- [Your assignment]: Copy nothing but the lines below running from the line containing "Esperança, São Paulo" through the line containing "Ginger Tulle Strapless", both end lines included.

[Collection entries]
<<<<
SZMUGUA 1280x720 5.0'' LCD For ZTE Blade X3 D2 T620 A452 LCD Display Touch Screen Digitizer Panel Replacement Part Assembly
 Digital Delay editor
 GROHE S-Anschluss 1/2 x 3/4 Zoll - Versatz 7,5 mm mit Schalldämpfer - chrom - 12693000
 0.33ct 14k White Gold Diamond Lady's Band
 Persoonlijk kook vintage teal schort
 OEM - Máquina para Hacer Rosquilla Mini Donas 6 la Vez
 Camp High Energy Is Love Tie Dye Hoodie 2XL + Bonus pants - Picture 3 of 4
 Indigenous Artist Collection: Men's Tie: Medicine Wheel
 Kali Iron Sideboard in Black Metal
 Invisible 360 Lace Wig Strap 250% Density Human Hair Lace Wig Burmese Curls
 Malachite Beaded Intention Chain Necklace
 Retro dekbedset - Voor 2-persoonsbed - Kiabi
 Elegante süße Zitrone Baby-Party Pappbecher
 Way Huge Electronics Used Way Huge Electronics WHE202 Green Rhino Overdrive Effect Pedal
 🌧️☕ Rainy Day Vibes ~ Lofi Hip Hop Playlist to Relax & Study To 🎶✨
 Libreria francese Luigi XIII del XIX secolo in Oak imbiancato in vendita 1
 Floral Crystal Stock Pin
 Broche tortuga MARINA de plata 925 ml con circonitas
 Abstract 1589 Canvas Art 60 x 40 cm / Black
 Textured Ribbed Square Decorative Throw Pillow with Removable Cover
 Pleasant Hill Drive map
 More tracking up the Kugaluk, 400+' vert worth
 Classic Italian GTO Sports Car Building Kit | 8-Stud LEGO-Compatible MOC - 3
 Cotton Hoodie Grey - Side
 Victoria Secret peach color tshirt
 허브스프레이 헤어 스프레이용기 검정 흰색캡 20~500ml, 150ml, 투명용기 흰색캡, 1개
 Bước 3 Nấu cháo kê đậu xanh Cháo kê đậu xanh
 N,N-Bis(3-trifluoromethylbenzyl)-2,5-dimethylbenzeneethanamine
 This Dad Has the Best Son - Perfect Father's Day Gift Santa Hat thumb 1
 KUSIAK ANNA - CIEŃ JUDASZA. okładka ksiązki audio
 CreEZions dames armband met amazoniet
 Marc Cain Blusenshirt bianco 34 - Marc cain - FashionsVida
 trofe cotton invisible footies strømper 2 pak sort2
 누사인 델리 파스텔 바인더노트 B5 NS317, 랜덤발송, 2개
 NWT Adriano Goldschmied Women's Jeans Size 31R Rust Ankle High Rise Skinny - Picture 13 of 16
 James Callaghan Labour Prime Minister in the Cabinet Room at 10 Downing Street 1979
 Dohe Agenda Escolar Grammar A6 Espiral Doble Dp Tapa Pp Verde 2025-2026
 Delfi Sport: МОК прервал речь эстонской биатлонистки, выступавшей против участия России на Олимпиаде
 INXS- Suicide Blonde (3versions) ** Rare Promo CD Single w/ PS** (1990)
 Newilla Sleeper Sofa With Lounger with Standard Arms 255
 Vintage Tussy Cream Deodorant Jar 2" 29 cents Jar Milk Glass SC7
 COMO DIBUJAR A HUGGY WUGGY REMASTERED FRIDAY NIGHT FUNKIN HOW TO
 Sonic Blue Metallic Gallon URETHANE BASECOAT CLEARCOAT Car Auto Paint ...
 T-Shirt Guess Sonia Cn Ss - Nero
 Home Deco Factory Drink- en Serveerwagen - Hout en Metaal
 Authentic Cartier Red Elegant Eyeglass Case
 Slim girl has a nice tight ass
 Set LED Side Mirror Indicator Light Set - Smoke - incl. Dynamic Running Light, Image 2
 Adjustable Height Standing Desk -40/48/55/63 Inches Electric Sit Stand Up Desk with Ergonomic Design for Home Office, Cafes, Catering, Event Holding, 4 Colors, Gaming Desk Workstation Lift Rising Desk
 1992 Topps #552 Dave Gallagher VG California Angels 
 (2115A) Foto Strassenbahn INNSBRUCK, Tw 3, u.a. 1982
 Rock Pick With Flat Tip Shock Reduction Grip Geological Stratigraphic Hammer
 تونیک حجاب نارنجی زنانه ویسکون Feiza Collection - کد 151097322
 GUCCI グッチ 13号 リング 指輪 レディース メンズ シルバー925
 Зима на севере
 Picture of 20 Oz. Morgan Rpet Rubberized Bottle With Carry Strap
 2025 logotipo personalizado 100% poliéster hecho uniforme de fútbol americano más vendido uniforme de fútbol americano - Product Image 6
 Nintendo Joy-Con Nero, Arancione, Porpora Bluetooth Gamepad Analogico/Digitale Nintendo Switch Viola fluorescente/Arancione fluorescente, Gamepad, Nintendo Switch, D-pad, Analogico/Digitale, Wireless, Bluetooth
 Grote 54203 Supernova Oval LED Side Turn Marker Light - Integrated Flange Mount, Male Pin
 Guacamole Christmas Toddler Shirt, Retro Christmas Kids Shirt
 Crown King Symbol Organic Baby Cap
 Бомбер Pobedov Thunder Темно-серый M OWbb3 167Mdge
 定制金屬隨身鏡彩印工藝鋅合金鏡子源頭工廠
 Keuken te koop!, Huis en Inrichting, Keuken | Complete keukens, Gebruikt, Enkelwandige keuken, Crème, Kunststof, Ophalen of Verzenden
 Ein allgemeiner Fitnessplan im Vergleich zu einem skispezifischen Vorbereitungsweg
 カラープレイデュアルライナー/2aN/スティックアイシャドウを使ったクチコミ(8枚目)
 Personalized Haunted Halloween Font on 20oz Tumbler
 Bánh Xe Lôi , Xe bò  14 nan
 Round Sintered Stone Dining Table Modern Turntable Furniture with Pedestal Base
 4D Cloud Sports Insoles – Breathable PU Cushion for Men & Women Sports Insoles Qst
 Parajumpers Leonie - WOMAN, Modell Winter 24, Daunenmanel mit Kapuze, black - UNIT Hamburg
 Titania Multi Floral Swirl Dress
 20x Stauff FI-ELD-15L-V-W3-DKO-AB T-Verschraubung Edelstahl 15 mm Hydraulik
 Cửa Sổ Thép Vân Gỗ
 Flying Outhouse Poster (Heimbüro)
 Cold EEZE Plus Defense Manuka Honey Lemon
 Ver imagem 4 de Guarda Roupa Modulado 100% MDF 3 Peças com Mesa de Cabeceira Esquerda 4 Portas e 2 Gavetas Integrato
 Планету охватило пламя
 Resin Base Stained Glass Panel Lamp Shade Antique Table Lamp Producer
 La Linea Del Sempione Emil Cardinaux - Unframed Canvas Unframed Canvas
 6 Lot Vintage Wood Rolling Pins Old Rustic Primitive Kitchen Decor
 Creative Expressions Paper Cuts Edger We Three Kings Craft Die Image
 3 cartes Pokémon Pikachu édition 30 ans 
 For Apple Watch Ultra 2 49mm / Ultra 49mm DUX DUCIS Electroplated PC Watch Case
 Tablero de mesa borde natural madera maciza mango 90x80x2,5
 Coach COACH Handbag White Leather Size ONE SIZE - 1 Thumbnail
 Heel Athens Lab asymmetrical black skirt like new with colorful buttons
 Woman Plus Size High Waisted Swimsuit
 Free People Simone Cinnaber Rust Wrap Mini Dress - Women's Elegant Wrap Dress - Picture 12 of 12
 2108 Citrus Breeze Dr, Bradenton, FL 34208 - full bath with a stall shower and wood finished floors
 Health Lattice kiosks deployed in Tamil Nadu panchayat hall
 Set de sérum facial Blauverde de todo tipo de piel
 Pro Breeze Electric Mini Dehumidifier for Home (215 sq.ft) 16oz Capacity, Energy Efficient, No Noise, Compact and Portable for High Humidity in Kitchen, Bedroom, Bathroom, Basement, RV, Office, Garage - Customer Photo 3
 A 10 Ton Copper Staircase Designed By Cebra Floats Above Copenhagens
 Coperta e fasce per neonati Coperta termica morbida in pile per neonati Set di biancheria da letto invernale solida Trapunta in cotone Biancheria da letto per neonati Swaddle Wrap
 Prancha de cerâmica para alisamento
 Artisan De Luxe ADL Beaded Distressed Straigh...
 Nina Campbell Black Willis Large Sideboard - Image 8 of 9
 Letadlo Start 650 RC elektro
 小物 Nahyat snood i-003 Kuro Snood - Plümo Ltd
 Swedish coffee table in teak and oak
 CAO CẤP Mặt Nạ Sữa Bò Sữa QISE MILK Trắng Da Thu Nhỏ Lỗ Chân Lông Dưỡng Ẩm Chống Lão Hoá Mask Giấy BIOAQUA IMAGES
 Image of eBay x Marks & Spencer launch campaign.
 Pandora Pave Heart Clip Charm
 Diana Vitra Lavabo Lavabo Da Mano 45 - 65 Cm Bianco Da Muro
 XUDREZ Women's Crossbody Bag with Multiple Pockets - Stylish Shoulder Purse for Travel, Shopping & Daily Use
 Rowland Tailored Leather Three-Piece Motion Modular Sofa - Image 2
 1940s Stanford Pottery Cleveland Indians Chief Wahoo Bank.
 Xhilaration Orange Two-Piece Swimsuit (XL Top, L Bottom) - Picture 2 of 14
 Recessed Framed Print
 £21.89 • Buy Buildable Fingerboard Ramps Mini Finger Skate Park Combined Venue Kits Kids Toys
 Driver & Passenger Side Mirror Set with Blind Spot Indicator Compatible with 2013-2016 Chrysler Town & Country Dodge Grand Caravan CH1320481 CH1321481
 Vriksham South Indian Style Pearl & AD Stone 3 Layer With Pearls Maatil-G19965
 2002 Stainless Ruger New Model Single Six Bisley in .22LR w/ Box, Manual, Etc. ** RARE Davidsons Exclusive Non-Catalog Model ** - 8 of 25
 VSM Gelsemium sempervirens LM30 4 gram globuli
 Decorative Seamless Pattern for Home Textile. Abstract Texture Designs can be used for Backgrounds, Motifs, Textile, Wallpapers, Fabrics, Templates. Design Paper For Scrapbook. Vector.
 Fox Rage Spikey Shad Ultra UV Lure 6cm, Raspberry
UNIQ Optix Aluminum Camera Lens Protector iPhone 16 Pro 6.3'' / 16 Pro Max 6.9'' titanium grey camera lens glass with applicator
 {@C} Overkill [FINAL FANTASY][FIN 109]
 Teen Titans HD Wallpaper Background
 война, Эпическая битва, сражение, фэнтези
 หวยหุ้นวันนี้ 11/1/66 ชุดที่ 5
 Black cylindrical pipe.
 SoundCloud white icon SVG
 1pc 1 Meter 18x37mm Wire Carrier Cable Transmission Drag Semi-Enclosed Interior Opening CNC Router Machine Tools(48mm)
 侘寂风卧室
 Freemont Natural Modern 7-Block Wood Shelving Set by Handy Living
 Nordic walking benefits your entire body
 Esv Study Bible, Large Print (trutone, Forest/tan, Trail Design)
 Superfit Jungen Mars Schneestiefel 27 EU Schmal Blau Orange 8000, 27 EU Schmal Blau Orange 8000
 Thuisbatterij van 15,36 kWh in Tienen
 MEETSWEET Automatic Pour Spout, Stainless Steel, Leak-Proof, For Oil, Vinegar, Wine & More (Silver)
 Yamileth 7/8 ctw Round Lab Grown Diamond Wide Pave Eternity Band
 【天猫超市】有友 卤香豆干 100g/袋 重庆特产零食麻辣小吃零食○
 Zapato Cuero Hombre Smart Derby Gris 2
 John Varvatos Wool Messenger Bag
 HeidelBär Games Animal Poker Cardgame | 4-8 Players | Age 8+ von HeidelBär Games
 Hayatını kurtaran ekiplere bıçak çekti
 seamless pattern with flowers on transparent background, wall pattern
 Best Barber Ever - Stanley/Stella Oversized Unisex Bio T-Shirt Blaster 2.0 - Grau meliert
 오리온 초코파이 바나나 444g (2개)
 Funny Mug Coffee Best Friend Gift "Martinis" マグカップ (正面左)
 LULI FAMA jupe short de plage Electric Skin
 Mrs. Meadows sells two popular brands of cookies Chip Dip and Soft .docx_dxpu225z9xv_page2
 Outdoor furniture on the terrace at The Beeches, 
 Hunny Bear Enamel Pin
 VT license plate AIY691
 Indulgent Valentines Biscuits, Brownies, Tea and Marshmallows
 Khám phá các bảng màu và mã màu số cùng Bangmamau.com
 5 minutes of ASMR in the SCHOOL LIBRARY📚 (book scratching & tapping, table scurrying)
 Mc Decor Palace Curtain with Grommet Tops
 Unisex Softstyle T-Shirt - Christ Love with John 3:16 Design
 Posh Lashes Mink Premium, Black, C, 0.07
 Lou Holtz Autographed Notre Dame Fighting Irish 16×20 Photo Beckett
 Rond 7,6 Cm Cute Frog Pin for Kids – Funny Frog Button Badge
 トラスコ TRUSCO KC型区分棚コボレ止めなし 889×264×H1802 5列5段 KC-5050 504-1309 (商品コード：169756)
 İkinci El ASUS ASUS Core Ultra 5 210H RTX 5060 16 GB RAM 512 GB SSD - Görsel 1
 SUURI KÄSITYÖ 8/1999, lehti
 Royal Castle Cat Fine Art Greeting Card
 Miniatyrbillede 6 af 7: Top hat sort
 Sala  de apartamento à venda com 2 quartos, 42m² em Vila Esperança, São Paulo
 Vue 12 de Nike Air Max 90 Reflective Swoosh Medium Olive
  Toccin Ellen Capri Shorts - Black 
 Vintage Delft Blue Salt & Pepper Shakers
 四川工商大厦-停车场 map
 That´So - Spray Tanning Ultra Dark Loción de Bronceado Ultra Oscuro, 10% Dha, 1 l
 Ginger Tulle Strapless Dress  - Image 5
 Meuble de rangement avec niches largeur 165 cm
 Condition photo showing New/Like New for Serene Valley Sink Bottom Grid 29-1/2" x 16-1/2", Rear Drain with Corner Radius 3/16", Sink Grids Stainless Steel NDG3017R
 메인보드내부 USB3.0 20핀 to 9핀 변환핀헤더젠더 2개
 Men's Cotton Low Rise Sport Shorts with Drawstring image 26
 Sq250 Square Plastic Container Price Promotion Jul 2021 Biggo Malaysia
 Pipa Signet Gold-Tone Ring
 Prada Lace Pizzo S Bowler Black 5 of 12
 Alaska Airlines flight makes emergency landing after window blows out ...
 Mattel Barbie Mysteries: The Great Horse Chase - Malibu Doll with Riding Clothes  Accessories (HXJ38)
>>>>
- [Completed exercise]:
 Sala  de apartamento à venda com 2 quartos, 42m² em Vila Esperança, São Paulo
 Vue 12 de Nike Air Max 90 Reflective Swoosh Medium Olive
  Toccin Ellen Capri Shorts - Black 
 Vintage Delft Blue Salt & Pepper Shakers
 四川工商大厦-停车场 map
 That´So - Spray Tanning Ultra Dark Loción de Bronceado Ultra Oscuro, 10% Dha, 1 l
 Ginger Tulle Strapless Dress  - Image 5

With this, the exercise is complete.